Passage by Congress of legislation to close some of the loopholes in the taxing of business activities of universities appears very likely following the adoption last week of some proposals on the subject by the House Ways and Means Committee. The House group favors the taxing of unrelated businesses owned by colleges and of profits made by a tax-exempt institution when it buys a property with borrowed money and then leases it back to the original owner on a long-term basis.

A CRIMSON check shows that there is bipartisan support in Congress behind these ideas, but it is not yet certain when the proposed legislation in may be acted upon. John W. McCormack, House Majority leader, would not say when he thought the House would consider the suggestions. Senato action would follow.

Harvard Treasurer Paul C. Cabot '21 testified this winter before the House committee that these suggestions would have no effect on the University since it has always followed a conservative finance policy.

However, the legislation could harm many other colleges where sinking interest rates have forced officials to use every means possible to increase the returns from their endowment.

A crowded House calendar in an election year may delay consideration of the proposals for a time, but it seems clear that eventually they will pass, for no reasoned opposition to the bill has been presented.

Need for Funds

Urgent need for more funds by the government is one reason for the strong support of the ideas. Legislators view these suggestions as an easy way to increase tax collections by as much as $100,000,000 a year. (The proposals also hit foundations and charitable trusts, in addition to educational institutions.)

Representative Robert W. Kean '15 (R-N. J.), a member of the Ways and Means Committee, offered a second reason--the unfairness of the present system. He told the CRIMSON, "If a business owned by a college does not pay the corporation tax which every other business in the same industry pays, it could undersell all of its competitors and perhaps put them out of business."

Congressmen said that it was excessive abuses of the present lenient system which has existed for many years that led to the current "reforms." The most famous case is the ownership of the Mueller Macaroni Co. by New York University. The courts did not wait for legislative action, ruling early this month that N.Y.U. must pay back taxes on its profits.

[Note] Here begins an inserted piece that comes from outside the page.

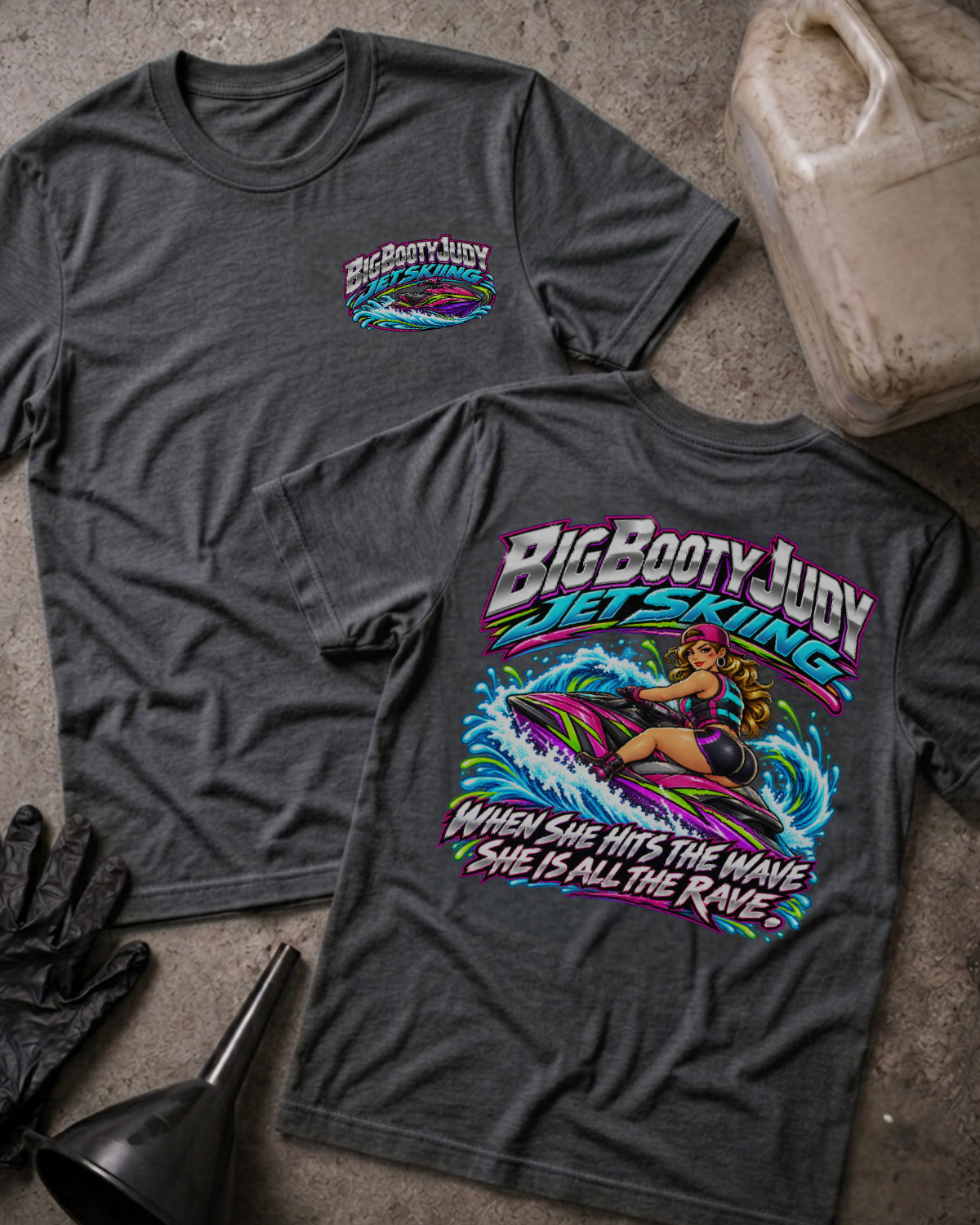 Dark grey heather Big Booty Judy Jet Skiing T-shirt, showing a small front chest logo and colorful back graphic of Judy riding a jet ski with “When she hits the wave she is all the rave.”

The University of Louisville today operates the Churchill Downs race track through an associated foundation; Yale owns the property on which a San Francisco department store is located.

Committee United

All the Ways and Means Committee members contacted by the CRIMSON felt that the changes had to be made. The ideas have strong administration backing, having been first presented by Secretary of the Treasury John W. Snyder in early February.

Senator Robert A. Taft (R-Ohio), the leading Senate Republican, said that he was "surprised" when he learned of the present tax set-up. He strongly endorsed the reforms now approved by the House group.

In the face of all this criticism, the Association of American Universities issued a statement urging education institutions to avoid investments that would jeopardize their tax-exempt status.

The association's recommendations were based on a report prepared by a group of leading educators headed by M.I.T. President James R. Killian, Jr., who receives an honorary degree here today.

The group did defend as proper the "lease back deals" referred to earlier in which a university buys a business and then leases it back to the seller.